Sin embargo, cuando salieron de la habitación, Yuuri se encontró tan nervioso y abrumado, sobre todo, cuando sus ojos se encontraron con los de su madre y padre. Se sintió avergonzado, sus padres lo habían educado de una manera tradicionalista y él les había fallado; cediendo a esa parte primitiva. Lo peor es que sus padres eran betas y ellos no entendían del todo lo que era vivir con dos personalidades diferente.
— Madre, Padre —saludó con la mirada baja, sin atreverse a mirar a sus padres a los ojos. Sus mejillas parecían un par de tomates maduros.
Escuchó a su padre suspirar y cerró los ojos, listó para la reprimenda que estaba seguro vendría.
— Es bueno verte, hijo —pronunció su padre en su lugar. Una mano se posó en uno de sus hombros y finalmente miró a sus padres. Su madre le sonreía cariñosamente y su padre solo parecía resignado con la situación—. También a ti joven Plisetsky.
Y así como la ligereza había llegado se había ido. Volvió a tensarse cuando los ojos de su padre se posaron en Yurio de manera evaluadora.
— Es bueno verlos —murmuró Yurio cohibido. Su aroma se volvió ligeramente ácido y Yuuri tuvo que contenerse de soltar un gruñido. Las alteraciones en el aroma de Yurio parecían evocar sentimientos de protección.

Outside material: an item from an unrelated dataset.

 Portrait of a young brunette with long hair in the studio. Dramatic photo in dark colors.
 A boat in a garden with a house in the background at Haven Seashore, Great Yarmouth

En su lugar se pasó una mano nerviosa por el cabello.
— Porque no vamos a un lugar más privado —Pronunció Nikolai, quien apenas llagaba, había estado hablando con Yakov y Víctor quienes habían partido a Rusia en cuanto Nikolai y la familia Katsuki habían arribado a Barcelona. Yakov porque no solo era entrenador de Yurio, y Victor, porque no creía que fuera muy prudente inmiscuirse en el asunto, además, tenía que comenzar a revisar lo que se necesitaría para su regreso a la pista, y además, había recibido algunas propuestas de compañías de productos deportivos no solo para él sino para Yuuri. Y bueno, ambos habían pedido ser avisados cuando los dos patinadores salieran de su "inconveniente", ya que habría cosas que arreglar, sobre todo en el caso de Yurio, pues habría que hacer modificaciones legales en su perfil, pues una vez que las personas se presentaban, era obligatorio hacer modificaciones en sus documentos legales donde se tenía que poner la clase a la que partencia, aunque si se pensaba con detenimiento era realmente discriminatorio, solo que, las personas solían pasarlas por alto, ya acostumbradas a realizar esas acciones. Y en el caso de Yurio, en el que su perfil estaba etiquetado como beta, incluso podrían invalidar sus victorias durante las competiciones.
Yuuri se tensó ante la voz del abuelo de Yurio y casi por instinto se aferró a una de las manos del joven ruso, como si temiese que fueran a sepáralos. Yurio también estaba nervioso y correspondió el agarre con igual o tal vez un poco más intensidad.
— Eso sería conveniente —pronunció el padre de Yuuri. Mirando sus manos unidas por un momento antes de girarse y encaminarse con su esposa y Nikolai hacia el área del restaurante del hotel—. Hemos reservado una mesa.
Pronunció para los Yuri's que les siguieron como un par de condenados a su inminente castigo.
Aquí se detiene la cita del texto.